Michigan taxpayers, public schools and universities will get a budget break this year if priority House and Senate legislation to repeal the “prevailing wage” law is finally passed.

“A repeal of the outdated law will mean school and university budgets, as well as all state government, will not be forced to overspend on construction, saving taxpayers as much as $250 million annually in the educational construction sector alone,” says Chris Fisher, Associated Builders and Contractors (ABC) of Michigan president. “The fact that the bills are the first introduced in the 2015 session indicates the importance of prevailing wage reform to easing the strain on state and education budgets.”

House Bills 4001-4003, sponsored by Rep. Amanda Price (R-Park Township), Rep. Brad Jacobsen (R-Oxford) and Rep. Aric Nesbitt (R-Lawton) would remove the stipulation that work and compensation rules on publicly funded construction projects be determined exclusively by union agreements.  Similar legislation in the Senate (Senate Bill 1), will be introduced by Senate Majority Leader Arlan Meekhof (R-West Olive), to mirror language in the House bills and would allow construction companies to pay current market rates found in the private sector rather than ones set by union contracts, which only cover a small slice of the Michigan construction workforce.  Senators Peter MacGregor (R-Rockford), and Dave Robertson (R-Grand Blanc), will be sponsors of Senate Bills 2 and 3 in the package to complete the repeal.

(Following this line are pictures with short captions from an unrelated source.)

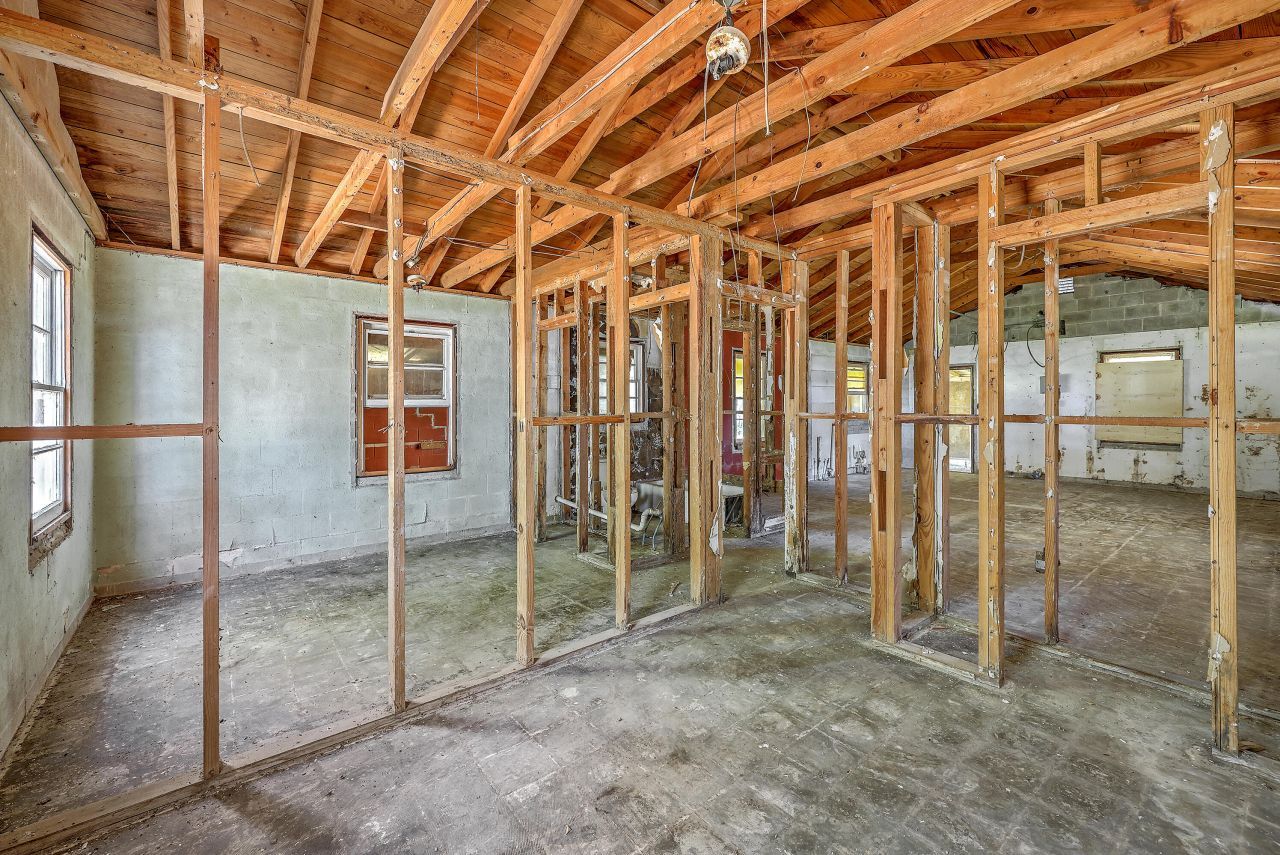 700 Peake Street Photo 10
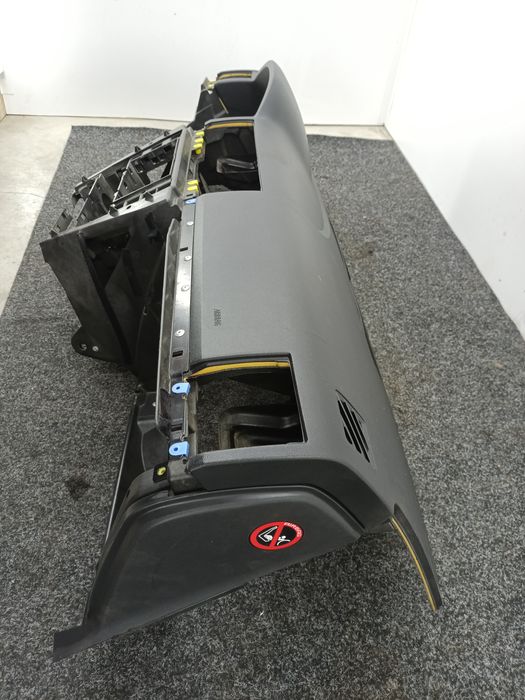 Dezmembrez Plansa bord de pe Opel VECTRA C 2002-2008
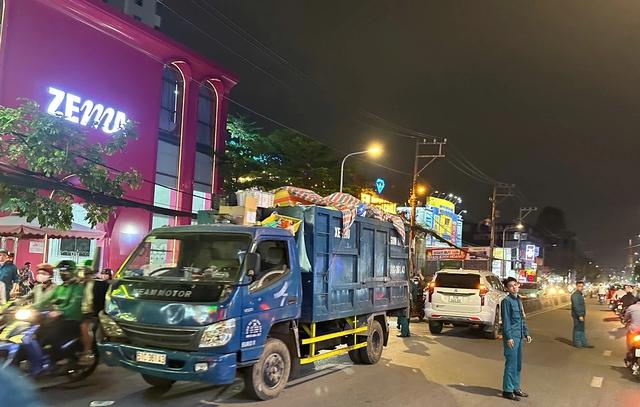TP.HCM: Tai nạn liên hoàn trên đường Huỳnh Tấn Phát, một phụ nữ tử vong- Ảnh 1.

The non-partisan Anderson Economic Group says $2.25 billion could have been saved over the past decade for public school and university construction alone, according to its analysis conducted in 2013. Although the State of Michigan reports that the average free market construction wage is already higher than most other professions at a healthy $47,000 annually, prevailing wage drives the rates up to artificial levels as much as 60 percent higher for some trades when performing governmental construction work.

“Nearly every peer-reviewed study concludes that prevailing wage is a job killer and tax dollar waster,” Fisher explains.  Far from ‘prevailing,’ the current law dictates that unions, which represent only 18 percent of the construction workforce, set wage rates and determine inefficient trade classifications for the rest of the industry.  Such decisions are not subject to any oversight or negotiation and vary from trade to trade and from locality to locality, creating a red tape nightmare for contractors, who must monitor tens of thousands of wage scenarios annually.

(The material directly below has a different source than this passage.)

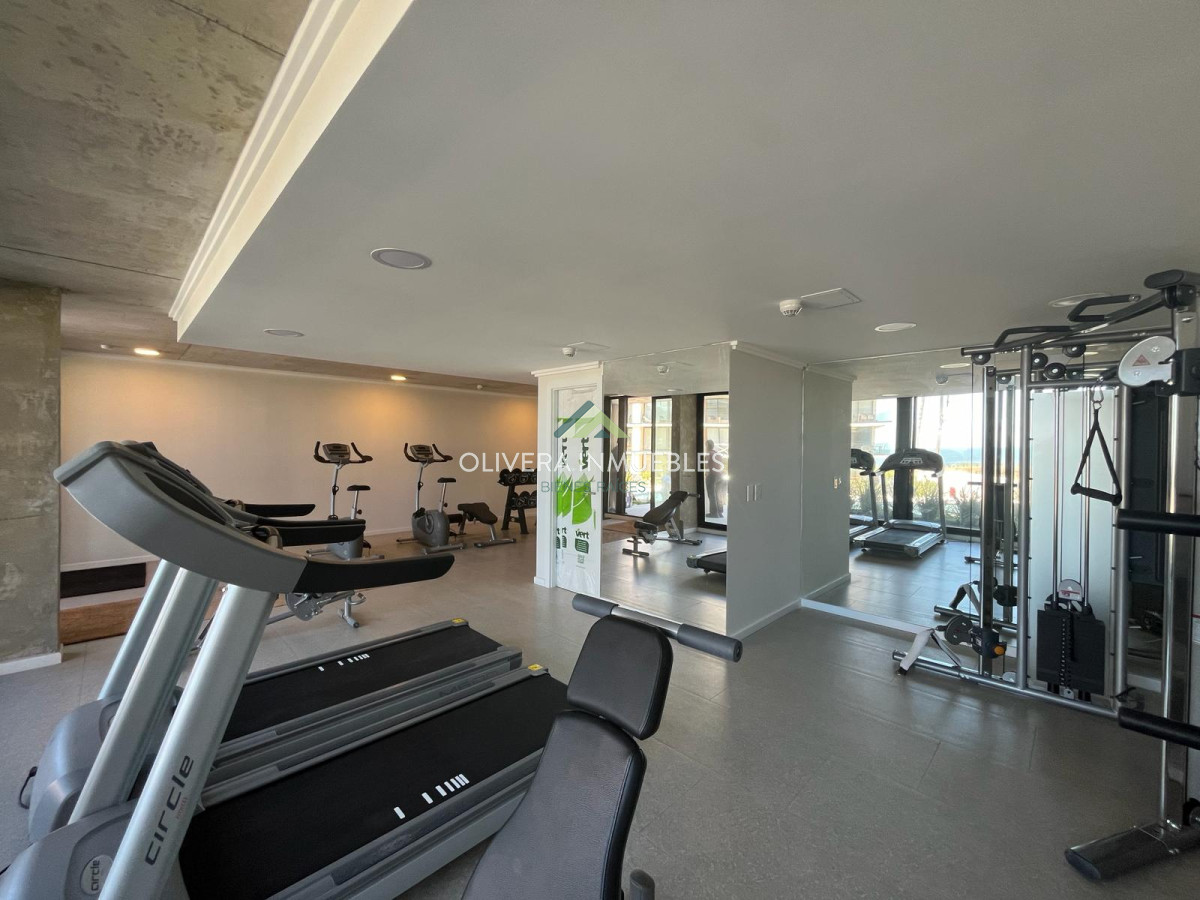 Apartamento ID.11435 - Apartamento en venta, alquiler anual o alquiler de verano  de 2 dormitorio en Playa Mansa, Punta del Este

“Because construction is such a key jobs provider in Michigan’s economy,” says Fisher, “prevailing wage repeal will help create more good paying jobs and help the industry compete with more than 44 other states that have no such artificial mandates or that base wage rates on more accurate and reliable measures.  Michigan is currently tied for worst in the US because it is one of just six states that has a prevailing wage exclusively determined by union classifications.”

“Prevailing wage repeal is simply good public policy,” says Chris Beckering, vice president of strategic business operations at Pioneer Construction in Grand Rapids. “Michigan taxpayers should not be paying inflated prices on public construction projects.  Michigan citizens deserve the additional job opportunities and fiscal accountability that will result by eliminating this antiquated mandate. It’s time for repeal.”